Pas si pire… mais pas reluisante non plus. Dans son point de conjoncture du 17 juin, l’Insee dépeint une situation économique toujours sombre, mais y apporte deux lueurs d’espoir : la reprise est au rendez-vous du déconfinement… et la crise pourrait être moins grave qu’elle ne l’est déjà.

Le déconfinement de l’économie a bien eu lieu

Dans quelles proportions les entreprises allaient-elles redémarrer au sortir du confinement ? C’était l’une des principales inconnues qui pesait jusqu’ici sur les perspectives de redressement de l’économie. D’où les appels répétés, de Bercy à l’Élysée, à accélérer le retour au travail. Finalement, « la reprise économique est très nette depuis la mi-mai », se réjouit l’Insee, qui vient confirmer un constat déjà dressé par le ministère du Travail.

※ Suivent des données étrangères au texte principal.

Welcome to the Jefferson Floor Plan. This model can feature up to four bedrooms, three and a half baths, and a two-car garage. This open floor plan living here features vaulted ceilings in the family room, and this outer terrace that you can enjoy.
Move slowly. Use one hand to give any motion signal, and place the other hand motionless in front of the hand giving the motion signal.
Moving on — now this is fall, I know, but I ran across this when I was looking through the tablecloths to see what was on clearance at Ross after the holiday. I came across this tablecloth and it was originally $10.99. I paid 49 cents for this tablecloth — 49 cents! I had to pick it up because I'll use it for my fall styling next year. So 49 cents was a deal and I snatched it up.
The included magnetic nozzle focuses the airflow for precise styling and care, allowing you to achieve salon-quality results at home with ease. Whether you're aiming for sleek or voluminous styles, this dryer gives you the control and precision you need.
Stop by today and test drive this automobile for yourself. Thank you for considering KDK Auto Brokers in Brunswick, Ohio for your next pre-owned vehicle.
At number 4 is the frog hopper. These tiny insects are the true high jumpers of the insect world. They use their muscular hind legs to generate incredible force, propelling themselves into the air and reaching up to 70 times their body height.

• Un retour d'activité oui, à la normale non

La perte d’activité ne cesse ainsi de se résorber, et s’avère même moins profonde que prévu : de -16 % en mars et -29 % en avril (au lieu de -35 % anticipée au début de la crise), elle passe à -22 % en mai. Pour juin, l’institut s’attend à une amélioration, plus forte encore, de 10 points. L’économie tournerait alors à 88 % de son niveau habituel, soit 2 points de mieux que dans la précédente estimation. Ce qui « s’explique notamment par le bon déroulement du déconfinement sur le plan sanitaire et le desserrement graduel des mesures d’endiguement de l’épidémie ».

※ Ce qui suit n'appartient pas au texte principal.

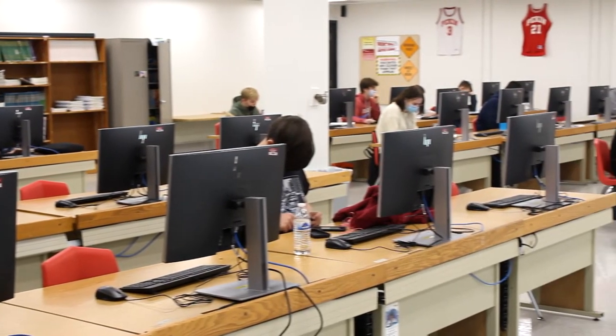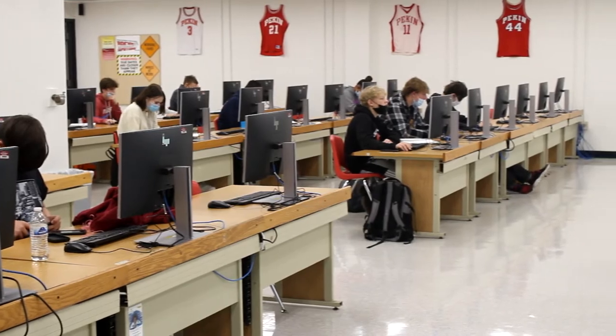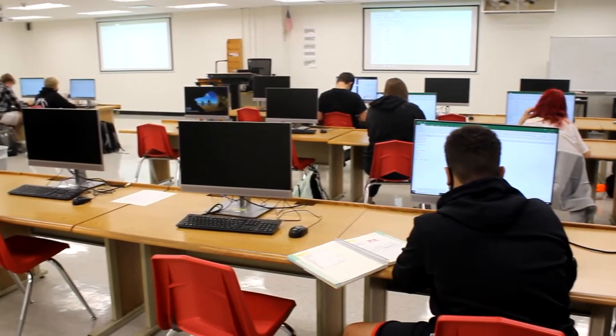Accounting 1 and 2 is available for 10th through 12th grade students. It is a semester-long class and does not have any prerequisites.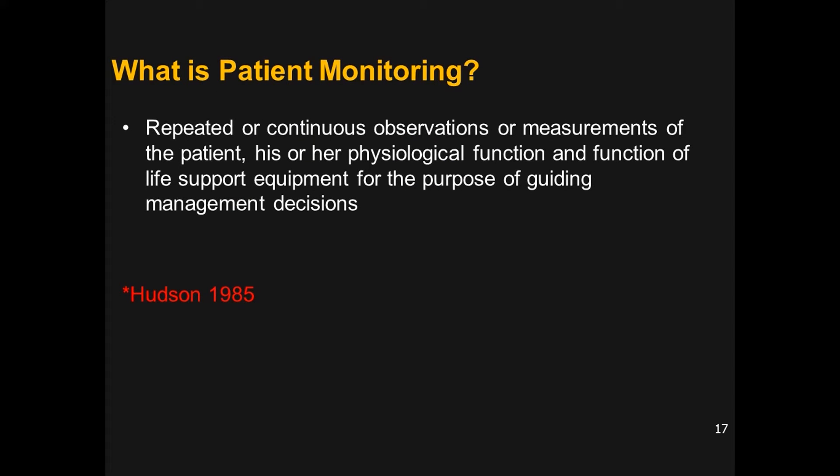Hudson et al. in 1985 defined patient monitoring as repeated and continuous observation or measurement of the patient and their physiological functions, and of life support equipment, for the purpose of guiding management decisions. Repeatedly we observe or measure certain parameters to improve the patient's condition and make good treatment decisions.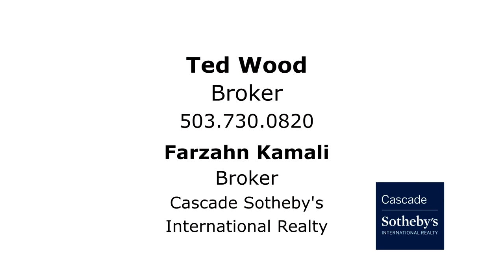This is just a preview — there's so much more for you to see. This listing is brought to you by Ted Wood and Farzan Kamali with Cascade Sotheby's International Realty. To schedule your own personal tour, please call 503-730-0820.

Reprise de l’activité ne rime toutefois pas encore avec retour à la normale. D’autant que tous les secteurs ne sont pas logés à la même enseigne. La construction, par exemple, redresserait la barre en juin (+21 points en un mois), mais resterait un tiers sous son niveau habituel. La fabrication de matériels de transport (à -38 %) et l’hébergement-restauration (-35 %) tourneraient encore plus au ralenti.

• Des signaux encourageants

Pour autant, au niveau global, l’industrie (à -15 %) et les services (à -13 %) remontent la pente. Dans le tertiaire, l’Insee voit même poindre une lumière au bout du tunnel : « L’assouplissement réglementaire annoncé le 14 juin (par le président de la République, NDLR) pourrait entraîner une remontée, plus rapide que durant le mois écoulé, de l’activité économique de certaines branches particulièrement affectées par la crise. »

Tout aussi encourageant, « le rebond post-11 mai » de la consommation des ménages est jugé « particulièrement vif (avec une perte limitée à 7 % par rapport au niveau d’avant crise, contre -31 % en avril) ». Et même « durable », au vu de la prévision de -5 % pour juin.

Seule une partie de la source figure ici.